● Exercise description
Your task is to filter the entries and copy every line containing the string "Premium".
╭─ Provided data
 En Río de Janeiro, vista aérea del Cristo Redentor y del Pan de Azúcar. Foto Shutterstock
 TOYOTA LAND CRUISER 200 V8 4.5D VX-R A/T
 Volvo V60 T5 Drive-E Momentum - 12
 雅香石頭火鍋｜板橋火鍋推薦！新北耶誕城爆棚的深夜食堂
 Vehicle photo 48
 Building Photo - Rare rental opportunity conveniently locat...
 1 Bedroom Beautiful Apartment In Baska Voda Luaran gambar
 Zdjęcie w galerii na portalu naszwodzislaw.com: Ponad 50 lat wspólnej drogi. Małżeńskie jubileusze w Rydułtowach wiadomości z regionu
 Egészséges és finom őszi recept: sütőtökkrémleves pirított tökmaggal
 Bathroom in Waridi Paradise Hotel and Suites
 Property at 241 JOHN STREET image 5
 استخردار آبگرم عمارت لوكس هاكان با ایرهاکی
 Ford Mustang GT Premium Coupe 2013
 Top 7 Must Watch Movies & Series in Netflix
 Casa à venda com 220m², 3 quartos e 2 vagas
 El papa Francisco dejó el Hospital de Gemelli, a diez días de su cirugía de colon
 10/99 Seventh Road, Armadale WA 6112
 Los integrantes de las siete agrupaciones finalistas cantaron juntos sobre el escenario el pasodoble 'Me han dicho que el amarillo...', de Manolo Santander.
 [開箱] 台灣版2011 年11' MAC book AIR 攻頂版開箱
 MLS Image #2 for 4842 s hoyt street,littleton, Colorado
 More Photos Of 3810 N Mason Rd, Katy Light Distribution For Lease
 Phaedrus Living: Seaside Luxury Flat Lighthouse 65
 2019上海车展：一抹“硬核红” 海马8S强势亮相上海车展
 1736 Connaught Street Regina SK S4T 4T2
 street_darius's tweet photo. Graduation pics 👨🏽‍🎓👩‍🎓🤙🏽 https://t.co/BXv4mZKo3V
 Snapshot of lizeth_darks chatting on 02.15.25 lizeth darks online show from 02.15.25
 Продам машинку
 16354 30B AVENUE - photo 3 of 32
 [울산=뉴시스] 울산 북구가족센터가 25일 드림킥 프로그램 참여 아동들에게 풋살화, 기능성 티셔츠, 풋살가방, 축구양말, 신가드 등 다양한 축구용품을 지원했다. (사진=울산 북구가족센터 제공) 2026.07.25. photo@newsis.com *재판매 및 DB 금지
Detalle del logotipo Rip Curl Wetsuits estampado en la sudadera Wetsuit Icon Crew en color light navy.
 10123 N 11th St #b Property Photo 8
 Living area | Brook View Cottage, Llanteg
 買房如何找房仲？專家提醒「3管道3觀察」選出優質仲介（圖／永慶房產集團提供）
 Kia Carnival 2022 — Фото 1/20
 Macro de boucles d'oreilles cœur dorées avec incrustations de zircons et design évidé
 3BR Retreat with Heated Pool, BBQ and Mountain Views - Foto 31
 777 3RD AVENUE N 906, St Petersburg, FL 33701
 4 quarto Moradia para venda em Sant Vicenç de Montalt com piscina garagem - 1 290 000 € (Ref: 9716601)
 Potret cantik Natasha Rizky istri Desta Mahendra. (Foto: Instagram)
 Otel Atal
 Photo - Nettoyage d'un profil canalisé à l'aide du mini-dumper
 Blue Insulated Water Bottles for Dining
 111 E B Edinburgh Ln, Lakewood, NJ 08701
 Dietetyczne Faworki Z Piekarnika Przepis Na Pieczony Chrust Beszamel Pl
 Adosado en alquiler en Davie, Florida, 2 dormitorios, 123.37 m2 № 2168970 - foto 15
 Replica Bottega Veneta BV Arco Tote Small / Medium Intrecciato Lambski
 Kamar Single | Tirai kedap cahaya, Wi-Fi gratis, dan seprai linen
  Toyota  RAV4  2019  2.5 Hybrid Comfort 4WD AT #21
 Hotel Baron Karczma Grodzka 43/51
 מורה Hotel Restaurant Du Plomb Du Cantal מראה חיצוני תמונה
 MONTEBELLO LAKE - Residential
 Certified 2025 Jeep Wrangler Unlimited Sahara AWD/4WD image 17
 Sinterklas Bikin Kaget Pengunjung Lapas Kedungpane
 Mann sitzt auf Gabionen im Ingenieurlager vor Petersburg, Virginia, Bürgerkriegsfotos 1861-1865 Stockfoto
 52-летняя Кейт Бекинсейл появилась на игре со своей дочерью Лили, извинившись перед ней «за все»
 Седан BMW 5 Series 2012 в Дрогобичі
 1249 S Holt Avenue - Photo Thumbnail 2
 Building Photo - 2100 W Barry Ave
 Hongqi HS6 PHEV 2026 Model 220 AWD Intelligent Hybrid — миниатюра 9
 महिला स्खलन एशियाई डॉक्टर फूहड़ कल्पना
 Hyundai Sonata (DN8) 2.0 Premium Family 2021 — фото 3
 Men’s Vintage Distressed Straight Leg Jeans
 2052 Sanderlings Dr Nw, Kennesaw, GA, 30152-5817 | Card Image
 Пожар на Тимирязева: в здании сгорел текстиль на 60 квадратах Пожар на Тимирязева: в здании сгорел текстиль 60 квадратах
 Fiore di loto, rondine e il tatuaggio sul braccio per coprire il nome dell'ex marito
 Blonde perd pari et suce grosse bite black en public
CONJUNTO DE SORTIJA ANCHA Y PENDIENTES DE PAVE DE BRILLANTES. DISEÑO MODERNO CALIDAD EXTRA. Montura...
╰─
● Output of the task
 Ford Mustang GT Premium Coupe 2013
 Hyundai Sonata (DN8) 2.0 Premium Family 2021 — фото 3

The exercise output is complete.